▶ **What is needed**
Begin with the line containing "Before and after scalp" and reproduce it and all later lines exactly, through the last line of the records. Add nothing else.

▶ **Data entries**
· · · · ·
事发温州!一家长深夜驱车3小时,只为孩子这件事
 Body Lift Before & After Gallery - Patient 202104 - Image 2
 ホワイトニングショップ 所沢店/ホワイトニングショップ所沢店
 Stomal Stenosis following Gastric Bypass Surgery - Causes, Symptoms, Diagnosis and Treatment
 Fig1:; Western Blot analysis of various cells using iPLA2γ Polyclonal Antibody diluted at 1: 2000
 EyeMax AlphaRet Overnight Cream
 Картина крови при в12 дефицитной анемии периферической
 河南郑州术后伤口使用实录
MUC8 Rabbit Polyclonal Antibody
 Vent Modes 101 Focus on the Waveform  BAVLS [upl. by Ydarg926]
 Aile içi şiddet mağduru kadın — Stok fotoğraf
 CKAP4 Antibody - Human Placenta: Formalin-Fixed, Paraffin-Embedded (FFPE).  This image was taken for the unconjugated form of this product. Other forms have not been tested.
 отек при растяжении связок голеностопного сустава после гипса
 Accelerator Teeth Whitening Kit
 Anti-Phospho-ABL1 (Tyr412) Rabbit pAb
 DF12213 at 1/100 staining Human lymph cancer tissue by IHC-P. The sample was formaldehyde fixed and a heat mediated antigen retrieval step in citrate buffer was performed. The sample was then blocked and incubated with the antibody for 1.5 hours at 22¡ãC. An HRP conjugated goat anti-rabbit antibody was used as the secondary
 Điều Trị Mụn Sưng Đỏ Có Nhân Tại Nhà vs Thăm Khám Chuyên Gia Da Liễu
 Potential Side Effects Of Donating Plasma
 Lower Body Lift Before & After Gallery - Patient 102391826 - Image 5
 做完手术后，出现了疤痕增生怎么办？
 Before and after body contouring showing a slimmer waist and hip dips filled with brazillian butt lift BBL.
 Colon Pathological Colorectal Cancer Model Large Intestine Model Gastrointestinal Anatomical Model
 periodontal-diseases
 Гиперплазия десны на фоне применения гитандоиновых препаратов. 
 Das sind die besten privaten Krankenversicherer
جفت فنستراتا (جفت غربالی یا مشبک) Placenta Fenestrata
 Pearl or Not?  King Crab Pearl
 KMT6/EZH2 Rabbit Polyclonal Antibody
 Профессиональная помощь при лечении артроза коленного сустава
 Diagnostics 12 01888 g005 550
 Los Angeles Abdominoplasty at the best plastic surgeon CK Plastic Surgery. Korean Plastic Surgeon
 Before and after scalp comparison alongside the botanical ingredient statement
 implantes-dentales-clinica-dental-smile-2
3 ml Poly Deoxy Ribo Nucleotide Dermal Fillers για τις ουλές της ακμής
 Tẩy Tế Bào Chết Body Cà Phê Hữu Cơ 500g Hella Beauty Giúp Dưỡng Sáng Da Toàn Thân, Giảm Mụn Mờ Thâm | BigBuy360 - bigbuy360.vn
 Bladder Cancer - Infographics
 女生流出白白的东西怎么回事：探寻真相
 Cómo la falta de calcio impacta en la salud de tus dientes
· · · · ·
▶ **Answer below**
 Before and after scalp comparison alongside the botanical ingredient statement
 implantes-dentales-clinica-dental-smile-2
3 ml Poly Deoxy Ribo Nucleotide Dermal Fillers για τις ουλές της ακμής
 Tẩy Tế Bào Chết Body Cà Phê Hữu Cơ 500g Hella Beauty Giúp Dưỡng Sáng Da Toàn Thân, Giảm Mụn Mờ Thâm | BigBuy360 - bigbuy360.vn
 Bladder Cancer - Infographics
 女生流出白白的东西怎么回事：探寻真相
 Cómo la falta de calcio impacta en la salud de tus dientes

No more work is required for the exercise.